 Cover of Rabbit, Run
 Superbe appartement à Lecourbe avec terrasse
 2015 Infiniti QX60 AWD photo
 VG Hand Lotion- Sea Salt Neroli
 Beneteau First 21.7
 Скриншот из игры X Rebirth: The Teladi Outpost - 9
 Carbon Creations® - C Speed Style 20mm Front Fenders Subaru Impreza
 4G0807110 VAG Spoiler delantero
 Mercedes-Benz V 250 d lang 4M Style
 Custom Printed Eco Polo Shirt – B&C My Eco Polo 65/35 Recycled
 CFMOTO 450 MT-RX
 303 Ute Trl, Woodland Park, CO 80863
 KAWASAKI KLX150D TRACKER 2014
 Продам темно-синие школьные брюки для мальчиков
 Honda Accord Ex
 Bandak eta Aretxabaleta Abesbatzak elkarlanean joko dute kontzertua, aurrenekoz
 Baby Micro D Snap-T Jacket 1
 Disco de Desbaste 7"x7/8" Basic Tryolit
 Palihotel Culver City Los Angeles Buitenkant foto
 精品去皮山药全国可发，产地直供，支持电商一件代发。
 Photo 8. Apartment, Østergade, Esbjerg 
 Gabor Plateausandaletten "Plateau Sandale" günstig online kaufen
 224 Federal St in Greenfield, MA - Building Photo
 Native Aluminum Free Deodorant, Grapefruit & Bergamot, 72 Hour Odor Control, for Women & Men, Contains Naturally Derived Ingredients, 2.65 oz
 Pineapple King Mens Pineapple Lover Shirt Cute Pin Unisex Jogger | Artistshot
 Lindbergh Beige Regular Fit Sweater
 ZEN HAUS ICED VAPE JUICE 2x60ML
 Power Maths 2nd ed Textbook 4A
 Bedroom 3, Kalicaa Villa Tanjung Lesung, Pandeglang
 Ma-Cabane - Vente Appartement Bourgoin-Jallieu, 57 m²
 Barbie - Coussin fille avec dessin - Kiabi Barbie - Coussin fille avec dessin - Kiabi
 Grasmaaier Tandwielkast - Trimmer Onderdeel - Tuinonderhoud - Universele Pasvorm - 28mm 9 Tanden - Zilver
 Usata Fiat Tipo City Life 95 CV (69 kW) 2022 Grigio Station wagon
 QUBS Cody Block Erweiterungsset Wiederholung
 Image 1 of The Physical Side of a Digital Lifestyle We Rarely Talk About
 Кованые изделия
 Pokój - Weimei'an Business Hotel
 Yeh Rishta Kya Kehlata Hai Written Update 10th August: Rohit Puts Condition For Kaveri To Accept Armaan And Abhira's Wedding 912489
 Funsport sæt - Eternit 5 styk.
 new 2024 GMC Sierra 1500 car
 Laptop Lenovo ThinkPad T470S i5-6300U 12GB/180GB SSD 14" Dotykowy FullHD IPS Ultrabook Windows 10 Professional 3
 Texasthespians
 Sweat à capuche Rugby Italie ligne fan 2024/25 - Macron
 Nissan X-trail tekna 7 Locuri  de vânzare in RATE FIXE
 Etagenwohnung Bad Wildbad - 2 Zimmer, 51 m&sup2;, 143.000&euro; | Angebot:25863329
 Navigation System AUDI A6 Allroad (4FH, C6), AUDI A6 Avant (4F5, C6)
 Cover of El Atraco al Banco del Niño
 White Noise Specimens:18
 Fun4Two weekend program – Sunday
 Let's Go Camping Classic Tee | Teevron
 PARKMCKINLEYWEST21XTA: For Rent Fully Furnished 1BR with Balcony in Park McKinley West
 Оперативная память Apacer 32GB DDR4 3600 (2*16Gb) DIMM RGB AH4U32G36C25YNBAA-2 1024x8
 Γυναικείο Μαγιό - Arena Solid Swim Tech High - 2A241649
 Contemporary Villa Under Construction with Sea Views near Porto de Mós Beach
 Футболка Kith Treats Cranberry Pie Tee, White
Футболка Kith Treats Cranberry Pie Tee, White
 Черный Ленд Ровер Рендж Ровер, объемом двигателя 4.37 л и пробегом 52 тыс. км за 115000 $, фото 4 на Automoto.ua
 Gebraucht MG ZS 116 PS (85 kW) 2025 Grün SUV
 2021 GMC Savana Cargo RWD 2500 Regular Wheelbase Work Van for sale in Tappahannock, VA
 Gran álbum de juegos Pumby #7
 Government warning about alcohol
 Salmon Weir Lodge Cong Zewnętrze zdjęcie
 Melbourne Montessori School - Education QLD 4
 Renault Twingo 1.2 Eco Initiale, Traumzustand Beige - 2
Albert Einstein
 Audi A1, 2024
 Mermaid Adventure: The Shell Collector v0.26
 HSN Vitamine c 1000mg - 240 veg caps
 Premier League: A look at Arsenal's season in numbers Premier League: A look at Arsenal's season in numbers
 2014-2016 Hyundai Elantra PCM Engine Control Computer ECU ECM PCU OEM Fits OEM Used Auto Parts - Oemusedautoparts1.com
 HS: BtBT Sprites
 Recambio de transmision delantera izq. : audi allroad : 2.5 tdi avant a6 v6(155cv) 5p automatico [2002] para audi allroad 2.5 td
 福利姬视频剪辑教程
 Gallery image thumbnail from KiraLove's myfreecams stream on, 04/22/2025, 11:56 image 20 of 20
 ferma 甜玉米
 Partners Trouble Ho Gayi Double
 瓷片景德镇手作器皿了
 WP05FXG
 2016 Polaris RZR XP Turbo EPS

═══

**What to do**
Copy the records above faithfully. Begin at their first line, end at the line containing "Pokój - Weimei'an Business Hotel", and include nothing else.

**Your solution**
 Cover of Rabbit, Run
 Superbe appartement à Lecourbe avec terrasse
 2015 Infiniti QX60 AWD photo
 VG Hand Lotion- Sea Salt Neroli
 Beneteau First 21.7
 Скриншот из игры X Rebirth: The Teladi Outpost - 9
 Carbon Creations® - C Speed Style 20mm Front Fenders Subaru Impreza
 4G0807110 VAG Spoiler delantero
 Mercedes-Benz V 250 d lang 4M Style
 Custom Printed Eco Polo Shirt – B&C My Eco Polo 65/35 Recycled
 CFMOTO 450 MT-RX
 303 Ute Trl, Woodland Park, CO 80863
 KAWASAKI KLX150D TRACKER 2014
 Продам темно-синие школьные брюки для мальчиков
 Honda Accord Ex
 Bandak eta Aretxabaleta Abesbatzak elkarlanean joko dute kontzertua, aurrenekoz
 Baby Micro D Snap-T Jacket 1
 Disco de Desbaste 7"x7/8" Basic Tryolit
 Palihotel Culver City Los Angeles Buitenkant foto
 精品去皮山药全国可发，产地直供，支持电商一件代发。
 Photo 8. Apartment, Østergade, Esbjerg 
 Gabor Plateausandaletten "Plateau Sandale" günstig online kaufen
 224 Federal St in Greenfield, MA - Building Photo
 Native Aluminum Free Deodorant, Grapefruit & Bergamot, 72 Hour Odor Control, for Women & Men, Contains Naturally Derived Ingredients, 2.65 oz
 Pineapple King Mens Pineapple Lover Shirt Cute Pin Unisex Jogger | Artistshot
 Lindbergh Beige Regular Fit Sweater
 ZEN HAUS ICED VAPE JUICE 2x60ML
 Power Maths 2nd ed Textbook 4A
 Bedroom 3, Kalicaa Villa Tanjung Lesung, Pandeglang
 Ma-Cabane - Vente Appartement Bourgoin-Jallieu, 57 m²
 Barbie - Coussin fille avec dessin - Kiabi Barbie - Coussin fille avec dessin - Kiabi
 Grasmaaier Tandwielkast - Trimmer Onderdeel - Tuinonderhoud - Universele Pasvorm - 28mm 9 Tanden - Zilver
 Usata Fiat Tipo City Life 95 CV (69 kW) 2022 Grigio Station wagon
 QUBS Cody Block Erweiterungsset Wiederholung
 Image 1 of The Physical Side of a Digital Lifestyle We Rarely Talk About
 Кованые изделия
 Pokój - Weimei'an Business Hotel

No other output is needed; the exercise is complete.